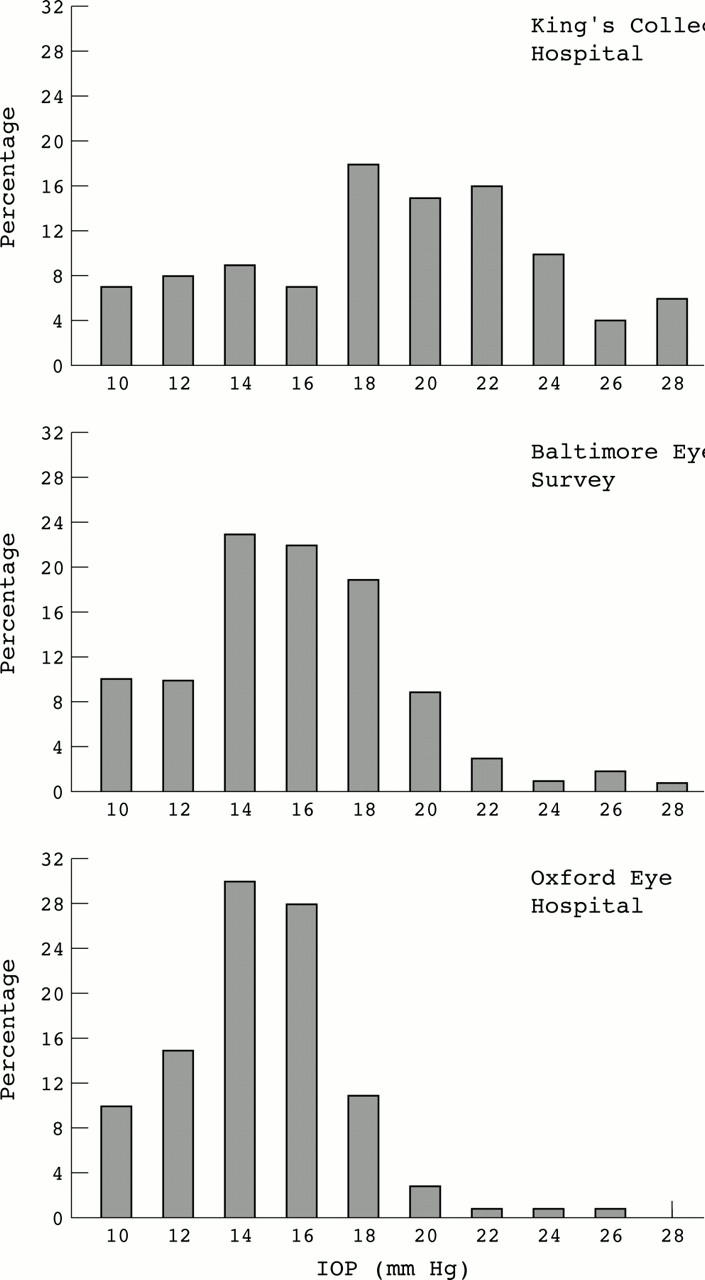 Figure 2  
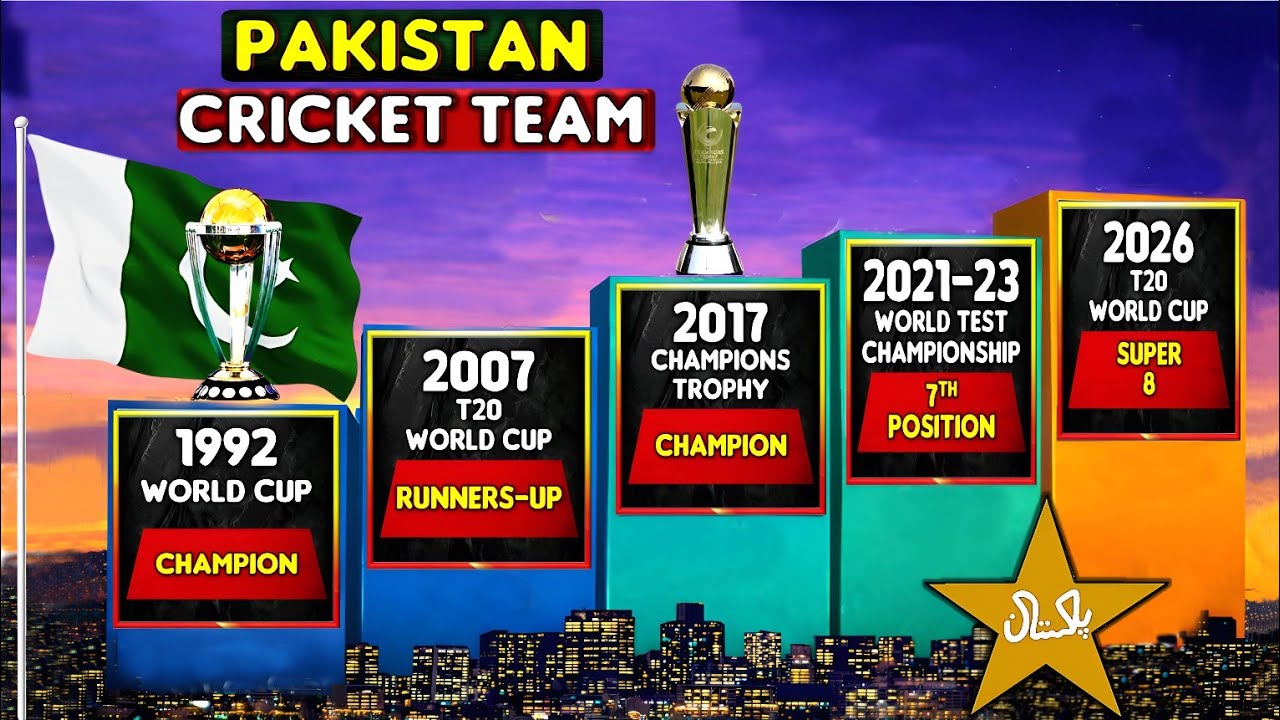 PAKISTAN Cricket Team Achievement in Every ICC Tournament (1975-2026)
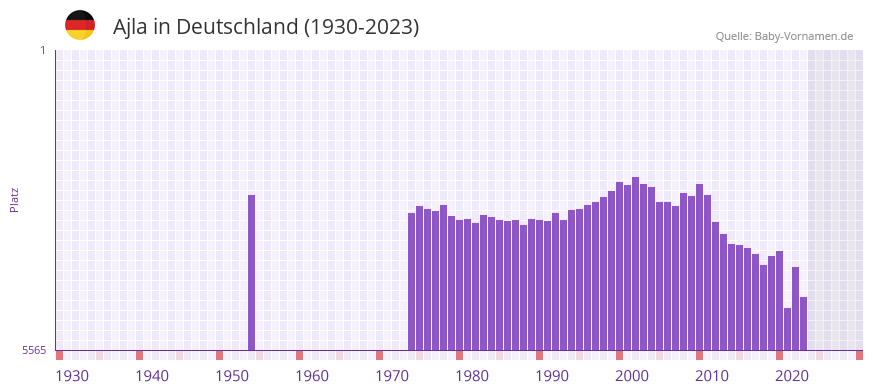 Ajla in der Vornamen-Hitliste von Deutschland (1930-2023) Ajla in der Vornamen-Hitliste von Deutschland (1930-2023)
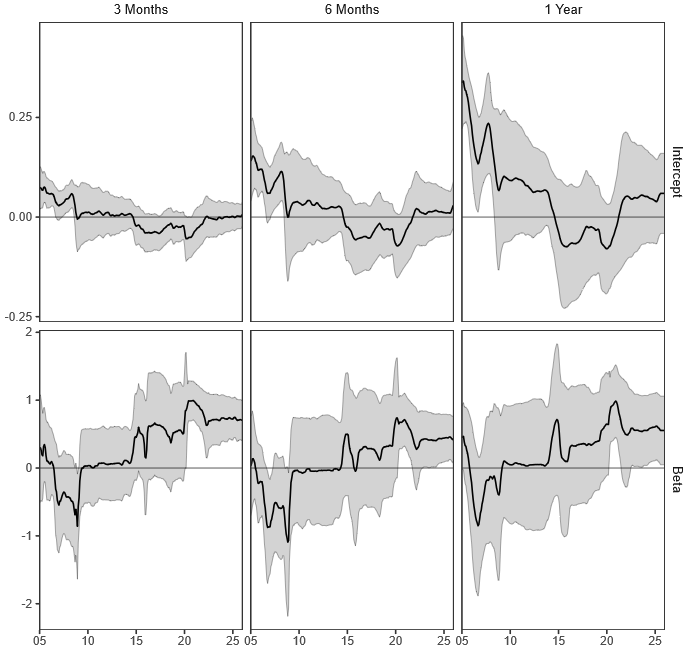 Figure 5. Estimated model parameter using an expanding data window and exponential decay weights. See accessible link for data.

==

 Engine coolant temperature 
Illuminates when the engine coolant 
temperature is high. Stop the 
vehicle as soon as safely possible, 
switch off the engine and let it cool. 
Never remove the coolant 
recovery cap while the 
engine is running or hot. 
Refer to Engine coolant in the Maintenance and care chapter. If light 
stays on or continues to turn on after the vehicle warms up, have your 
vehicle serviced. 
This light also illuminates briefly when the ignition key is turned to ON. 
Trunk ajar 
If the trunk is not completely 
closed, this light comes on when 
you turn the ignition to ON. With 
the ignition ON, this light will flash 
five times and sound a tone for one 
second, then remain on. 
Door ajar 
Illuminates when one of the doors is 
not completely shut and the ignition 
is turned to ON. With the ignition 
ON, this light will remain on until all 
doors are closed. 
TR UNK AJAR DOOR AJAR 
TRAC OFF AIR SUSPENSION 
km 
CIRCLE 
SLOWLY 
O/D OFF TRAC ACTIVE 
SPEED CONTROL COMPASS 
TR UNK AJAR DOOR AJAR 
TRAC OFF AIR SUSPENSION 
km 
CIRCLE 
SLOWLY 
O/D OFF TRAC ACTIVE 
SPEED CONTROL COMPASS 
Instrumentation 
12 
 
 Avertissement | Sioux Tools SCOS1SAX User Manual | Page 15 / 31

--

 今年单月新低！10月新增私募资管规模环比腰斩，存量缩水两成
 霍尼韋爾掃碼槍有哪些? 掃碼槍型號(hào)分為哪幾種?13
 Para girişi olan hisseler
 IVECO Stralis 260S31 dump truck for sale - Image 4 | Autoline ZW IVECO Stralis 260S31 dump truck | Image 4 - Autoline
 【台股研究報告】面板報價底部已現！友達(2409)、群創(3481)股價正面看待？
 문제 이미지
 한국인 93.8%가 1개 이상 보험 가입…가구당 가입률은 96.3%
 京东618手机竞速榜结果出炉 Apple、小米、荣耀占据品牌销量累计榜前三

▶ **Directions**
Report all lines of the data that include the word "ignition".

▶ **Exercise answer**
This light also illuminates briefly when the ignition key is turned to ON. 
you turn the ignition to ON. With 
the ignition ON, this light will flash 
not completely shut and the ignition 
is turned to ON. With the ignition 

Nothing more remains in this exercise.